*WORK INSTRUCTION*. Look through the listing below and write out exactly the lines from the line with "Продажа авто: Lixiang" to the line with "Audi RS4 Avant", both included, and no others.

*RECORDS TO PROCESS*.
- - -
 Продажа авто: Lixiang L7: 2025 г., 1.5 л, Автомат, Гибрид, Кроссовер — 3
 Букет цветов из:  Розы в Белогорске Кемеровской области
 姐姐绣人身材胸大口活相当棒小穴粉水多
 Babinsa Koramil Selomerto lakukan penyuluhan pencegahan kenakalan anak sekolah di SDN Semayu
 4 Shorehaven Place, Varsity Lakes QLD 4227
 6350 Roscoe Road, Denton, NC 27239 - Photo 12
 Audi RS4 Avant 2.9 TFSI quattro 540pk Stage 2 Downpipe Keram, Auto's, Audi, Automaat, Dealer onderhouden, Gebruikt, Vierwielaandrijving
- - -
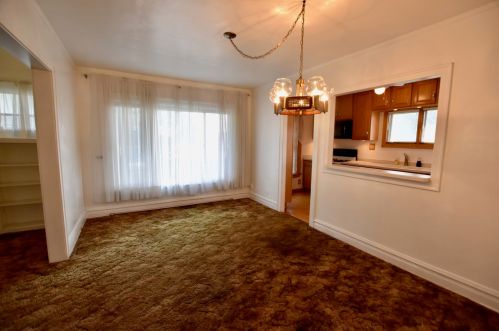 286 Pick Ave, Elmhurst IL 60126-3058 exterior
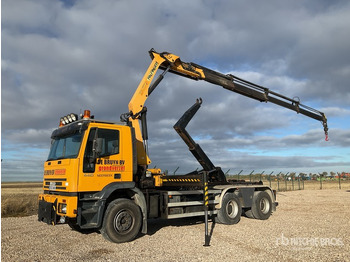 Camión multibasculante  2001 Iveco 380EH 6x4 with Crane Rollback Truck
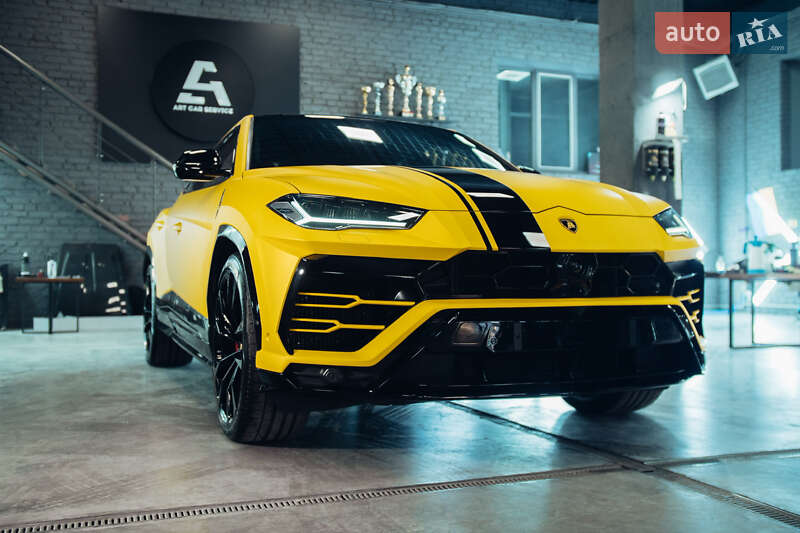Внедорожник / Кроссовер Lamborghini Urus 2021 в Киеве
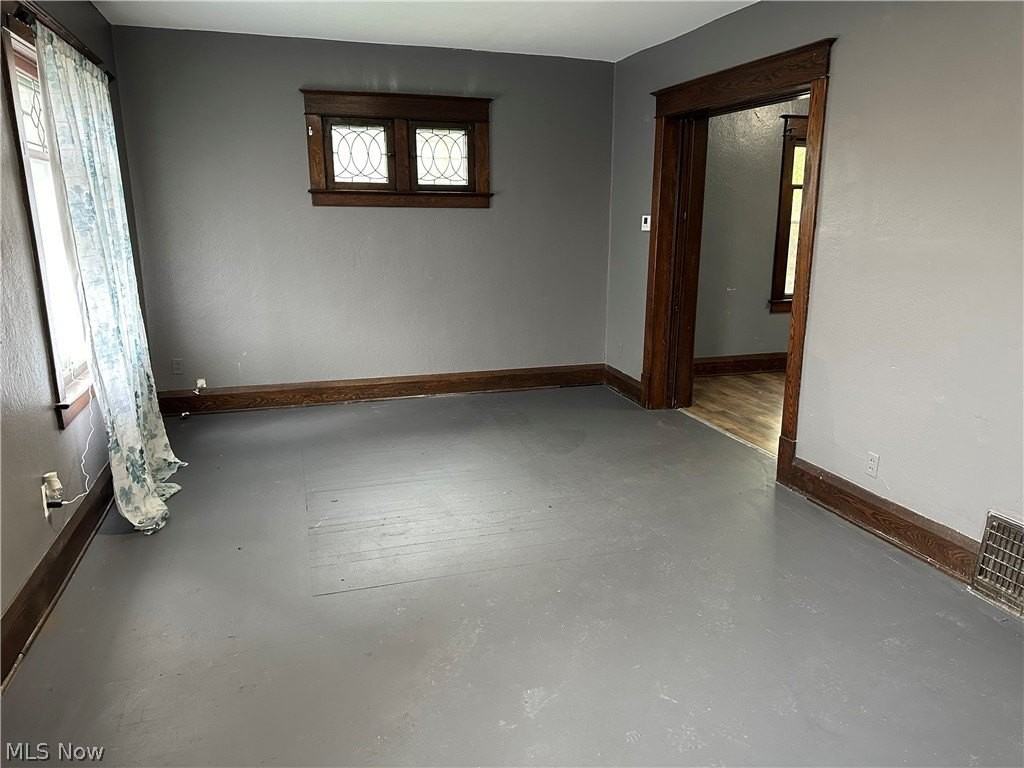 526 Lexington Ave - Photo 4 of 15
- - -
*SOLVED PROBLEM*.
 Продажа авто: Lixiang L7: 2025 г., 1.5 л, Автомат, Гибрид, Кроссовер — 3
 Букет цветов из:  Розы в Белогорске Кемеровской области
 姐姐绣人身材胸大口活相当棒小穴粉水多
 Babinsa Koramil Selomerto lakukan penyuluhan pencegahan kenakalan anak sekolah di SDN Semayu
 4 Shorehaven Place, Varsity Lakes QLD 4227
 6350 Roscoe Road, Denton, NC 27239 - Photo 12
 Audi RS4 Avant 2.9 TFSI quattro 540pk Stage 2 Downpipe Keram, Auto's, Audi, Automaat, Dealer onderhouden, Gebruikt, Vierwielaandrijving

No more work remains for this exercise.